Washington Banking's net interest margin was 4.66% in the first quarter, a
decrease of just 3 basis points from the preceding quarter, and up 15 basis
points from the year ago quarter. "Our cost of funds has benefitted from lower
interest rates over the past few quarters and almost all of our higher-cost
certificates of deposit have now repriced," said Shields.

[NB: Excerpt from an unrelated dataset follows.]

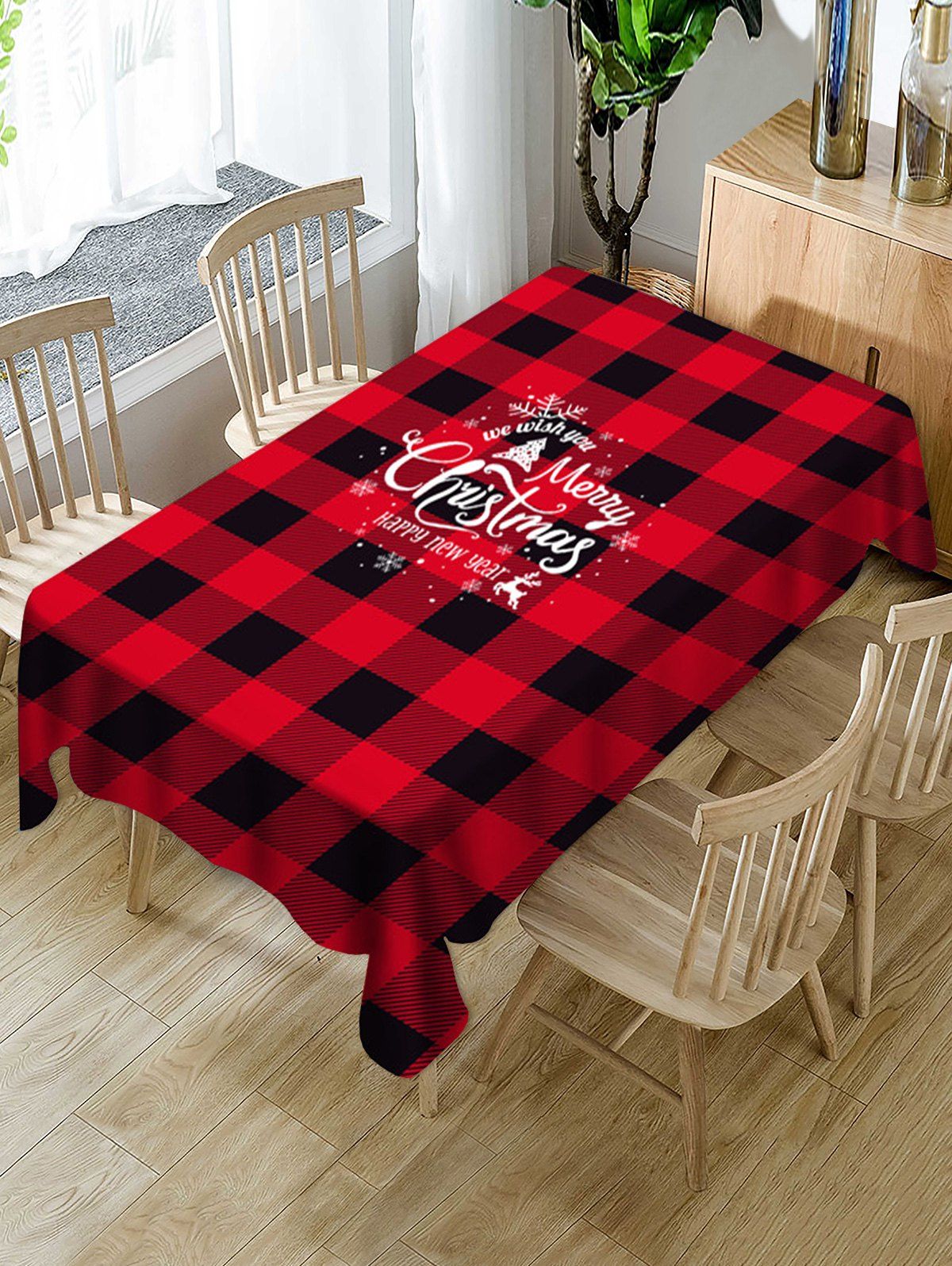 

Merry Christmas Plaid Table Cloth, Multi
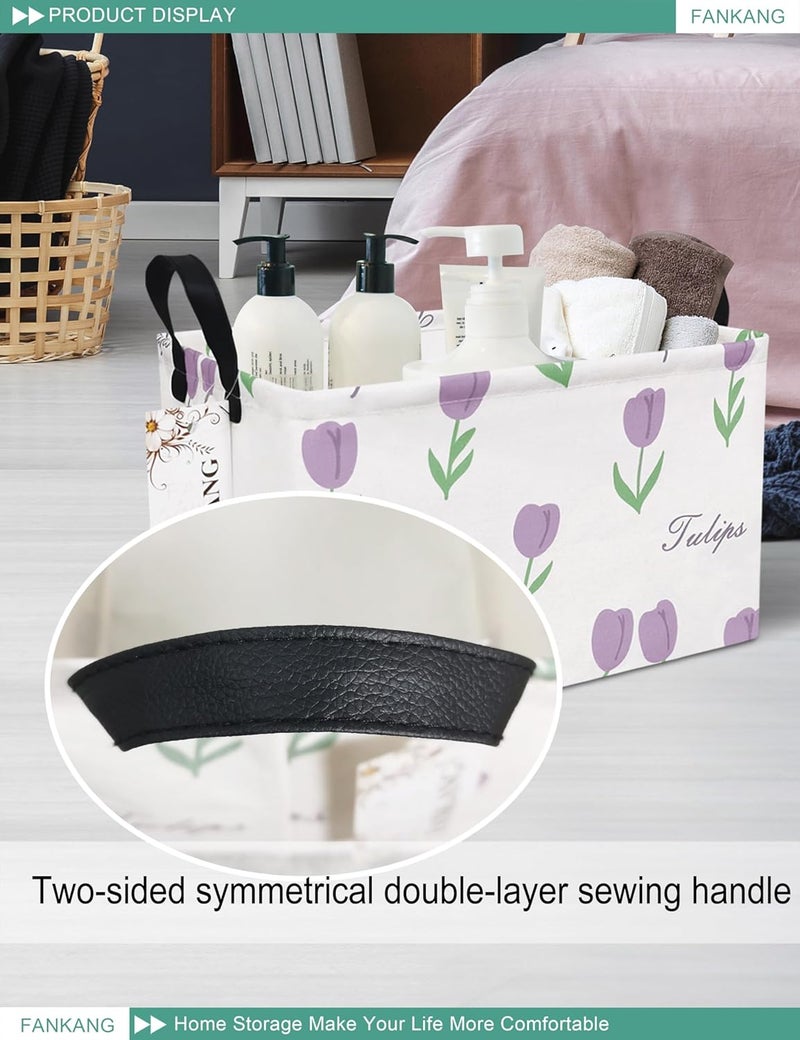 FANKANG Storage Bins, Nursery Hamper Canvas Laundry Basket Foldable with Waterproof PE Coating Large Storage Baskets for Kids Boys and Girls, Office, Bedroom, Clothes,Toys(Rec-tulips ） - Image 5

First quarter noninterest expense increased 2% in the quarter and 19%
year-over-year primarily related to increased employee expense, data processing
and the higher FDIC premiums. Cost associated with OREO management declined in
the first quarter to $193,000 from $549,000 in the prior quarter and $238,000 a
year ago. Operating expenses were $7.8 million in the first quarter compared to
$7.6 million in the preceding quarter and $6.5 million in the first quarter of
2009.
The efficiency ratio during the first quarter of 2010 was 60.12% compared to
59.90% reported in the linked quarter, and 57.07% in the like quarter a year
ago. Return on average assets was 0.78% in the quarter, compared to 0.71% in
the like quarter a year earlier. Return on equity, which was impacted by the
additional equity capital raised in November 2009, was 4.77%, compared to 6.10%
in the first quarter a year ago.
Annual Meeting
Shareholders, customers, employees and interested investors are cordially
invited to attend the Washington Banking Company Annual Shareholders Meeting to
be held on Thursday, May 13, 2010 at 3:00 p.m. The meeting will be held at the
Best Western Harbor Plaza, located at 33175 State Route 20, Oak Harbor,
Washington.
ABOUT WASHINGTON BANKING COMPANY
Washington Banking Company is a bank holding company based in Oak Harbor,
Washington, that operates Whidbey Island Bank, a state-chartered full-service
commercial bank. Founded in 1961, Whidbey Island Bank provides various deposit,
loan and investment services to meet customers' financial needs. Whidbey Island
Bank operates 26 full-service branches located in six counties in Northwestern
Washington. In June 2009, Washington Banking was added to the Russell 2000
Index, a subset of the Russell 3000 Index. Both indices are widely used by
professional money managers as benchmarks for investment strategies.
www.wibank.com
This news release may contain forward-looking statements that are subject to
risks and uncertainties. These forward-looking statements describe management's
expectations regarding future events and developments such as the transition of
City Bank operations, employees and customers, future operating results, BOLI
contributions to revenue, availability of acquisition opportunities, growth in
loans and deposits, credit quality and loan losses, and continued success of the
Company's business plan. Readers should not place undue reliance on
forward-looking statements, which reflect management's views only as of the date
hereof. The words "anticipate," "expect," "will," "believe," and words of
similar meaning are intended, in part, to help identify forward-looking
statements. Future events are difficult to predict, and the expectations
described above are subject to risk and uncertainty that may cause actual
results to differ materially. In addition to discussions about risks and
uncertainties set forth from time to time in the Company's filings with the
Securities and Exchange Commission, factors that may cause actual results to
differ materially from those contemplated in these forward-looking statements
include, among others: (1) local and national general and economic condition;
(2) changes in interest rates and their impact on net interest margin; (3)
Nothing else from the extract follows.